Bununla birlikte çalışmamızda gravide, parite, abort ve gerçekleşen vajinal doğumlar ile ilişkili olarak gruplar arasında doğum haftaları ve servikal açılarında farklılıklar görüyoruz. Çalışma ve kontrol grupları arasında serviks uzunluklarında herhangi bir farklılık olmamakla birlikte, servikal açılarda farklılık görülmesi dikkat çekicidir ve yoruma açıktır. Gerçekleşen doğumlar ile birlikte multipar kadınlarda serviks yapısında değişikliklerin gerçekleşeceği aşikârdır; bunu jinekolojik muayenelerde “multipar açıklık” şeklinde ifade etmekteyiz. Bu açıdan uteroservikal açı, gebelik süresince değişiklik devam ettiği halde, özellikle uteroservikal alt segment olgunlaşmasının sonografik bir yansıması olarak değerlendirilebilir. Multipar hastalarda servikal uzunluk ve uteroservikal açıda meydana gelen bu değişiklikler literatürde de ifade edilmiştir.[20,21]

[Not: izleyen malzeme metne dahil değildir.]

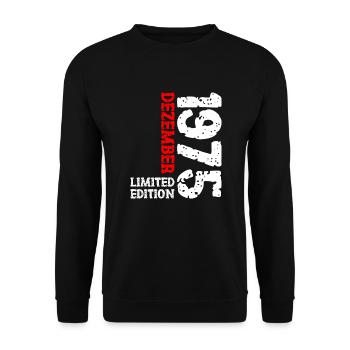 1975 Dezember Limited Edition 48. Geburtstag Deko - Unisex Pullover - Schwarz - Vorne - Alina (178cm) & Michal (187cm)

Uteroservikal açı ölçümünü preterm doğum öngörüsünde bir araç olarak ilk kez Dziadosz ve ark. incelemiştir.[22] 16–24. gebelik haftasında başvuran 972 tekiz gebenin transvajinal ultrasonla servikal görüntülemesini yapmışlardır. Bu gebelerden UCA>95° olanların 37. haftasından önce preterm doğumları (duyarlılık %80; p<0.001; negatif kestirim değeri %95), UCA>105° olanların 34. gebelik haftasından önce (duyarlılık %81; p<0.001; negatif kestirim değeri %99) anlamlı olarak daha fazla doğum yaptıkları ortaya çıkmıştır. Aynı çalışmadan çıkan sekonder bir sonuç da servikal uzunluğun (<25 mm) preterm doğum öngörüsünde anlamlı bulunmasıdır. Ancak 37. hafta öncesi preterm doğumlarda duyarlılık %62, negatif kestirim %95 ve 34. hafta öncesi erken doğumlarda duyarlılık %63, negatif kestirim %97 olduğundan preterm doğum öngörüsünde UCA ölçümünün servikal uzunluk ölçümüne göre daha başarılı olduğu sonucuna varılmıştır. Bu veriler benzer yayınlar ile desteklenmektedir.[21,23,24]
Bizim çalışmamızda 24–34. gebelik haftasında acil doğuma sancıyla başvuran 82 hastada UCA ölçümleri 50–150° arasında değişmiş, ortalama değer 88.91° bulunmuş, preterm doğum (<37 hafta) görülme durumuna göre uteroservikal açı ölçümleri için eşik değer 80.5° olarak saptanmıştır. Bu nokta için duyarlılık %75, seçicilik %58, pozitif kestirim değeri %53.3 ve negatif kestirim değeri %77.3’tür. Elde edilen ROC eğrisi altında kalan alan %67’dir ve eğri altında kalan alan istatistiksel olarak anlamlı bulunmuştur (AUC=0.655, %95 GA=0.532–0.777, p=0.019; p<0.05). Doğumdaki gebelik haftası 37’nin altında olan kadınlarda uteroservikal açının 80.5°’nin üzerinde olma oranı (%75), doğumdaki gebelik haftası 37 ve üzeri olanlardan istatistiksel olarak anlamlı düzeyde yüksektir (p<0.01). Bu veriler Dziadosz ve ark.’nın çalışması ile paralellik göstermektedir. Preterm doğum öngörüsünde UCA ölçümü, servikal uzunluk ölçümüne göre daha yüksek duyarlılık, daha yüksek pozitif kestirim değeri ve daha düşük negatif kestirim değeri ile değerli bir yöntem olarak karşımızda durmaktadır.
Sonuç
Preterm doğum günümüzde yenidoğan mortalite ve morbiditesinin en ciddi sebebi olmayı sürdürmektedir. Etyolojik faktörleri anlamak, erken tanı koydurucu yöntem ve araçları geliştirmek, tanı koydurucu tedbirler alarak daha sağlıklı bireyler yetişmesine katkı sunmak amacıyla hazırlanan çalışmamız ulaştığı sonuçlarla preterm doğum öngörüsünde uteroservikal açı ölçümünün değerli bir yöntem olduğunu ortaya koymuştur. Konuyla ilgili daha fazla araştırma yapılması, tanı ve tedavi metotlarının geliştirilmesi ve olumlu sonuçlar elde edilmesi açısından önemli ve gereklidir.